Coryates Bericht ist für uns deshalb so wertvoll, da er nicht nur Aussergewöhnliches, sondern auch Alltägliches aus der neugierigen Aussenperspektive beschreibt. Gerade lebensweltliche Details werden in schweizerischen Eigenbeschreibungen kaum je erwähnt. Warum auch sollte ein Zürcher des 17. Jahrhunderts zu Papier bringen, dass er sich zum Schlafen mit einem Daunenduvet zudeckt, wenn er selber nichts anderes kennt und dies offensichtlich alle anderen in der Stadt auch so tun?

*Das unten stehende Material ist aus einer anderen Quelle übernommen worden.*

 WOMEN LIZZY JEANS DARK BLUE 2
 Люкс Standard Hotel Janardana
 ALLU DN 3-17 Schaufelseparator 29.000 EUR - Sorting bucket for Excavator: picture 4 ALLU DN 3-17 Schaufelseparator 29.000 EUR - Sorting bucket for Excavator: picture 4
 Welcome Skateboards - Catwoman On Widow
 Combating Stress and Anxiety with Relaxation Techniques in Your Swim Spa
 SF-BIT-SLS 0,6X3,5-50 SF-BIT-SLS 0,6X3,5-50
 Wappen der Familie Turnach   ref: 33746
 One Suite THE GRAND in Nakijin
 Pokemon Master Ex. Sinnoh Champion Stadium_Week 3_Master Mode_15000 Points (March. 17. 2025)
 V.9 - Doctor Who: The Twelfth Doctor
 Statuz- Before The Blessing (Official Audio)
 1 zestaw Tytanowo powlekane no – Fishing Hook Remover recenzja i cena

In Coryates Reisebericht zeigt sich eine Schweiz, in der Annehmlichkeiten des Lebens wie etwa eine gute Lebensmittelversorgung und sichere Strassen bereits zum Alltag gehörten. Gleichzeitig mögen die ausgelassenen Trinksitten sowie die fröhliche und jeglicher Prüderie abgeneigte Badekultur nicht unbedingt mit dem üblichen Bild einer eher ernsten und sittenstrengen hiesigen Bevölkerung in Übereinstimmung gebracht werden. Gerade das Zusammentreffen von Fremdem und Bekanntem macht diesen aussergewöhnlichen Reisebericht des Engländers so lesenswert.